How to complete this task
The answer is the exact run of lines in the listing below from the line containing "Kubánci protestujú pred" up to and including the line containing "MacBook Air 13", with pictures removed.

Recorded information
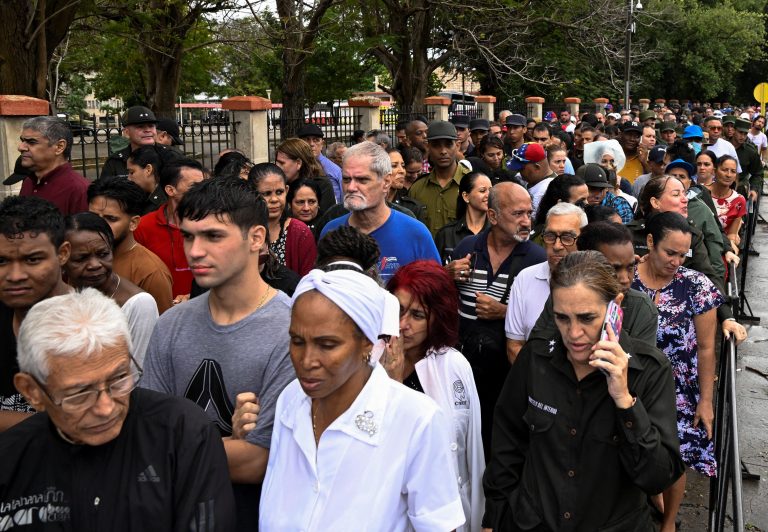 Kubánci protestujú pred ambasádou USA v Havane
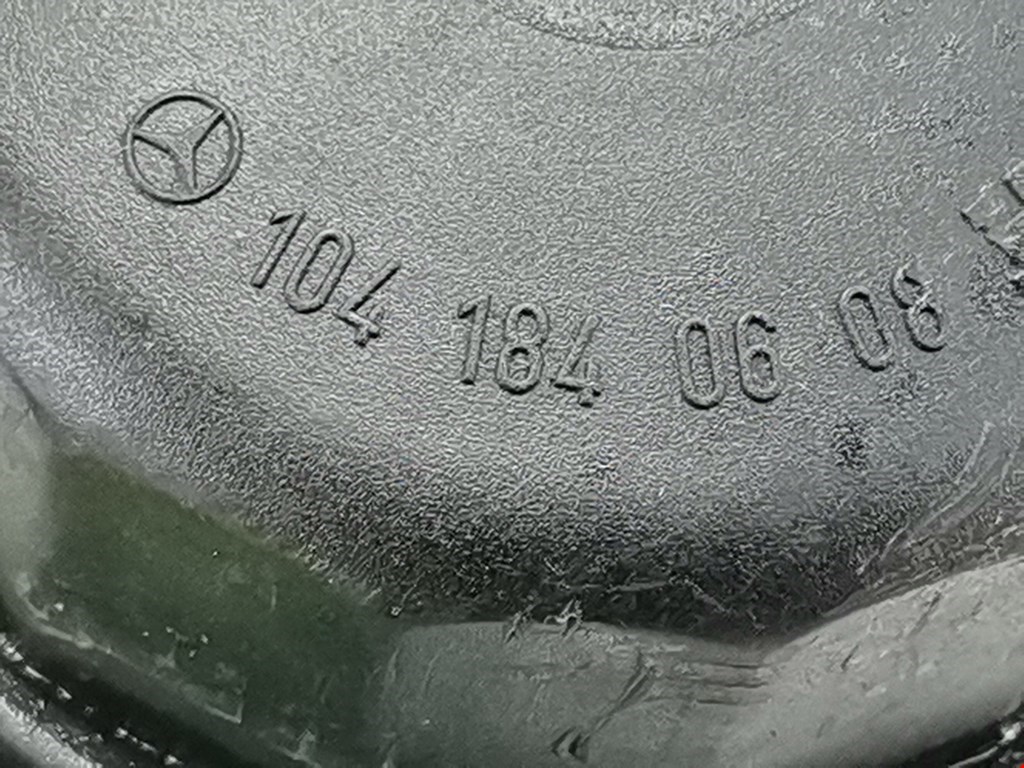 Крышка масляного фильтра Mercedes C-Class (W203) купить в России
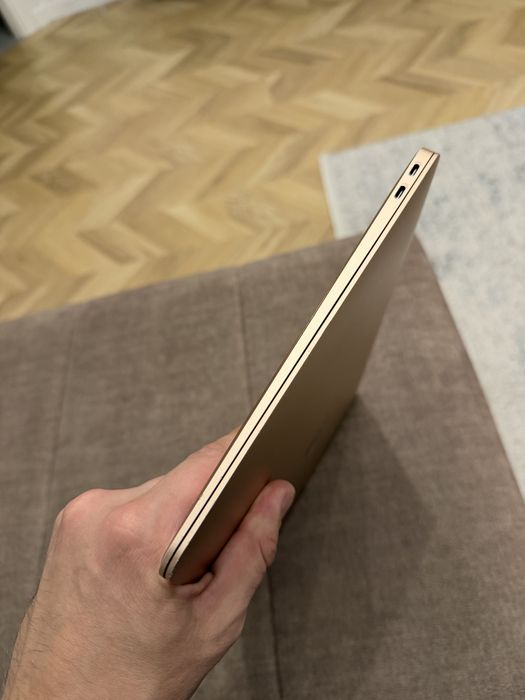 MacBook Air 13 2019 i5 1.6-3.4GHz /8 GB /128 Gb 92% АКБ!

* * *

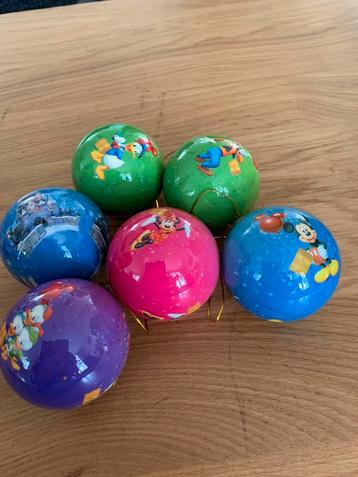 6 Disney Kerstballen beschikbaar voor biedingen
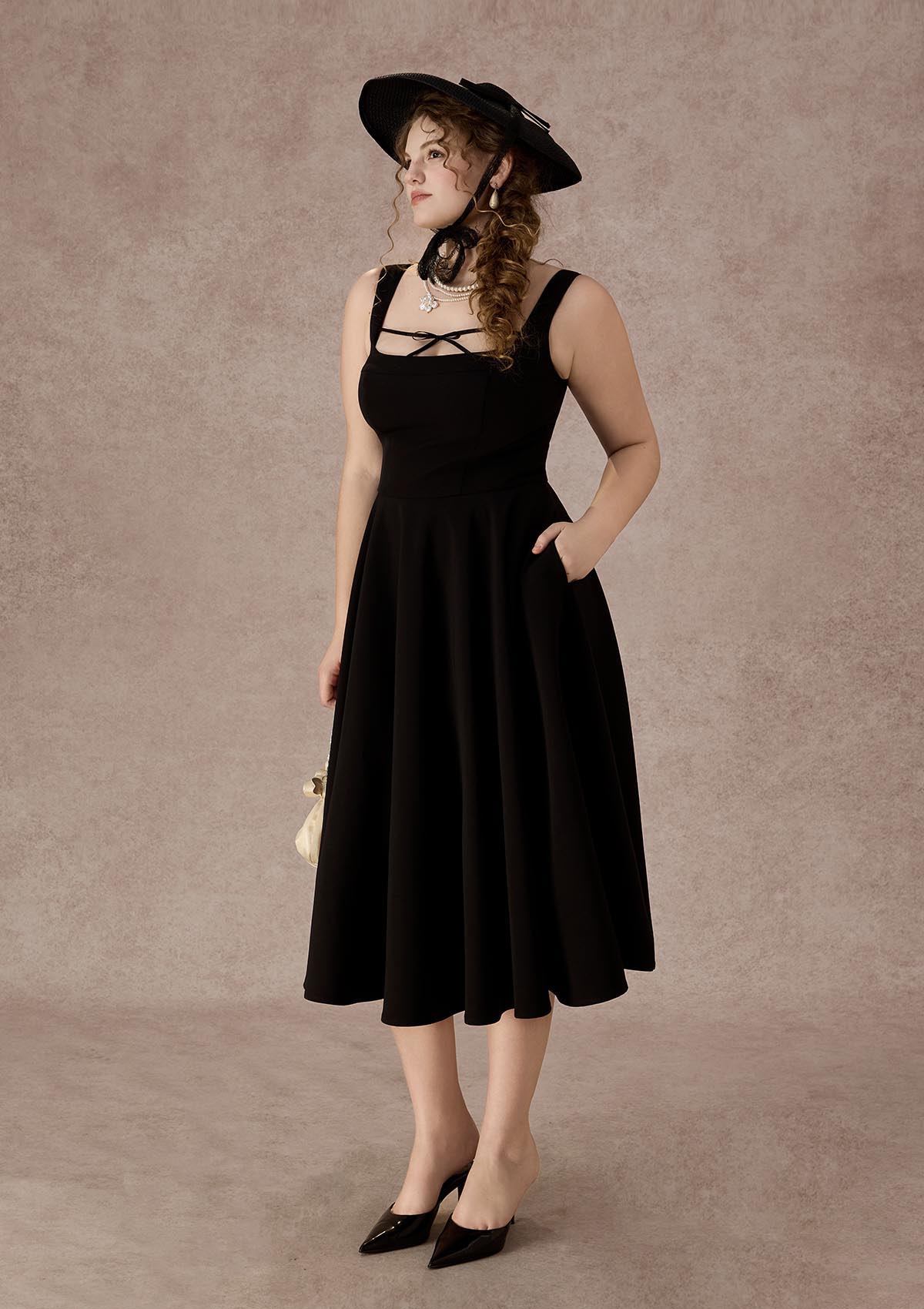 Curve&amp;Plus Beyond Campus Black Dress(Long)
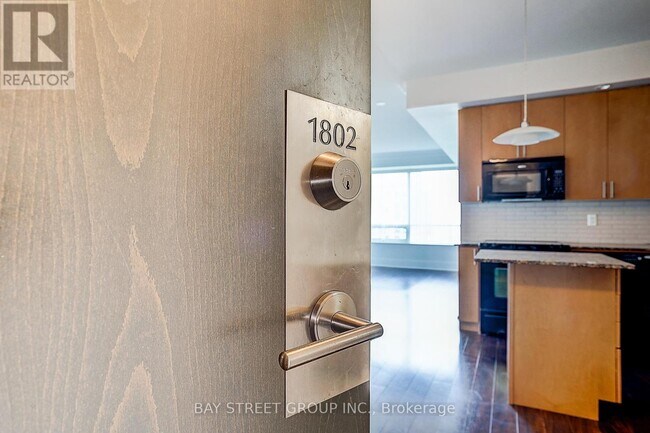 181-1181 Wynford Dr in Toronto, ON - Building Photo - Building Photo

Solution
 Kubánci protestujú pred ambasádou USA v Havane
 Крышка масляного фильтра Mercedes C-Class (W203) купить в России
 MacBook Air 13 2019 i5 1.6-3.4GHz /8 GB /128 Gb 92% АКБ!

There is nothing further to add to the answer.